I previously gathered real life data about students’ favorite Christmas candy.

• I chose four types of candy: fudge, candy canes, M&M’s, and chocolate Santa’s. I gave three third grade classes each a roll list with a blank beside it for the students to write their favorite candy on. I collected these vote (data) sheets right before the lesson (mistake #1 don’t do this). I made six copies of the data sheets for each of the groups.
• In the lesson I presented the children with the data and told them to create a tally chart/frequency table with the data. Students waded through this for a long time without consistent results. I should have counted the data before I passed it out even though I had estimated the results to around a total of 66 students. I ended up having to total it up while the students were counting (mistake #2 don’t do this). Have your data counted before you pass it out, so you know when your students are way off. (But, hey, in my defense, I have been pulled in all directions lately, substitute, fill in secretary, test coordinator, you name it.)

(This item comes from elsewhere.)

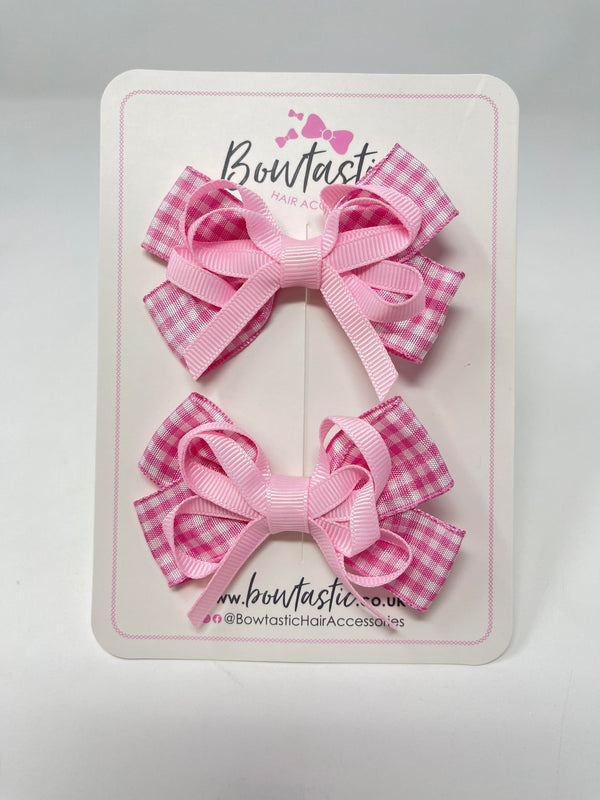 3 Inch Flat Bows - Pink Gingham - 2 Pack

• I made one student in each group of four responsible to count each class’s data since there were three classes and one student to record the data on a table. This worked very well to keep every child involved in the group.
• We stopped the lesson to ensure the children had the correct data before we proceeded with graphing. I wanted to be respectful of the teacher’s time while I was in her room, but I may have had them check to see if their data was correct in a different way, such as, compare your data with a different group and see if you agree before I just revealed the correct answers.

Next, I told students their key had to be 5 or more (I really had 6 in mind), but the teacher was concerned that it wouldn’t come out evenly for the students. The data had to be slightly altered for the die-cut circles to come out with wholes and halves. She didn’t want the students to have to deal with smaller fractional parts. I was actually okay with the students having the data not come out evenly because I wanted this to be a challenge for them to grapple with. In the real world, data doesn’t come out all nice and clean. Third graders had already proven themselves with a key of four, and I felt like they needed a challenge. I wanted them to discuss how much of a circle to cut apart. Again, I wanted to be respectful of this teacher’s time, so I allowed this and the students’ graphs all turned out pretty much perfectly. No fun :/ There was no argument over how much of a circle to cut apart. (mistake #3, don’t make your data work out perfectly). Needless to say here, I had many reflections after this lesson. This was definitely not my best moment as a math coach (I am at a new school this year). BUUUUUT!!! I loved this lesson, it was so great, even though it wasn’t! I know exactly what to do next time to make it better, and it would be an exceptional lesson with lots of mathematical practices involved! Next steps for students after this lesson–ask students what would have happened if the key was 5 or 6 to at least get them to think about this.